Corvo caught it, clumsily, almost getting hit in the head, but he brought it into his hands with a sense of awe anyway.
“There,” Trito said. “I’ve been meaning to give it up for centuries. Keep it as a reminder of me. I know how it is to be human. You forget everything.”
“Only if we are lucky,” Mother said.
Corvo pressed the side of the lighter. A flame jumped from an opening.
Mother snatched it from his fingers.
“That is not a toy,” she said. “I will hold on to it, for now.”
Trito walked up to them. Despite their cordial conversation a moment prior, they gazed at each other warily, their muscles tensing—but relaxing again soon enough.
“Then you aren’t staying,” he said to Aletheia. “I doubt you’ll find any way to remove Astera from your Essence elsewhere.”
Aletheia gazed at Skios again, who was preoccupied with moving his own muscles, one at a time, up and down his body.
She shook her head.
“I meant what I told you. Someday I promise I’ll be back. And I want to serve the Lioness.
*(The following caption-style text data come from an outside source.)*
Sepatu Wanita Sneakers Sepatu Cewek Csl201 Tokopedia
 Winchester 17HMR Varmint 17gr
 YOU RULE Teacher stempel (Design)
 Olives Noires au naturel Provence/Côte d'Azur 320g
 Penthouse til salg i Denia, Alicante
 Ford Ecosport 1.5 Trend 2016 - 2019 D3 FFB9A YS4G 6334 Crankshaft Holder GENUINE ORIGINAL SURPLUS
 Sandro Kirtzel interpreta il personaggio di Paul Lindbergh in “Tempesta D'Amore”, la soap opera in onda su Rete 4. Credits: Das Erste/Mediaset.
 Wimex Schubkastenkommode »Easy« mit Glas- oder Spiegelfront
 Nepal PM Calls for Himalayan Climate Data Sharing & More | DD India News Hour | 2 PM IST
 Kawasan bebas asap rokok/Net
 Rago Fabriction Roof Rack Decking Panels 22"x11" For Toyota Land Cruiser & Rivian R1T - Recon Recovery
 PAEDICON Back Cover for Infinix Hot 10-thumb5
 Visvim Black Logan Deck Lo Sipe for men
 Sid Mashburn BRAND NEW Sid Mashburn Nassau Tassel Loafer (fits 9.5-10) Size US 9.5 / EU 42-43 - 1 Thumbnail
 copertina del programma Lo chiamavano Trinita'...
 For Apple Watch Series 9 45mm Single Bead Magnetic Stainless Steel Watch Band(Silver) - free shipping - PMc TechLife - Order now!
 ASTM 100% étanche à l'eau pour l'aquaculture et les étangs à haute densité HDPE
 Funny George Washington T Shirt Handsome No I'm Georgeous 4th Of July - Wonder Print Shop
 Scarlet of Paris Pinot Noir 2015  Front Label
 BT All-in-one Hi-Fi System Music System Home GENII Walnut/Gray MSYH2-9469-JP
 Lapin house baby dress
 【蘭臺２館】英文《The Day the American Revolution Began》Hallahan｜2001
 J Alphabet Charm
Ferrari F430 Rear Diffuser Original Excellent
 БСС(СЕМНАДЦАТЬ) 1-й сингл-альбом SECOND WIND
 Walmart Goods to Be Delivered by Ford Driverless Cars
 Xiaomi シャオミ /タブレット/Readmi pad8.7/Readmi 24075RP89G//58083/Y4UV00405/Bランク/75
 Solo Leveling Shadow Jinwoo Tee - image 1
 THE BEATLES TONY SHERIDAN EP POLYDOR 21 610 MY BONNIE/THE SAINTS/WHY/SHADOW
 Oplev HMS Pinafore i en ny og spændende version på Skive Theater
But for now—I don’t think Seneria is the right place for a boy who’s just learned to walk.” She patted Skios’ shoulder again. “Besides—if she really does send visions—she’ll tell me what to do next. Right?”
“She will. If you mean what you told me.”
“I will not be able to use Mass Recall to teleport you far once we are back in Esenia,” Mother said. “It requires a great deal of mana. You must tell me where you wish to go now, for if you come with me, you will have to walk the rest of the way.”
“You’re sick of me already?” Aletheia said. “We could stay together. For now.”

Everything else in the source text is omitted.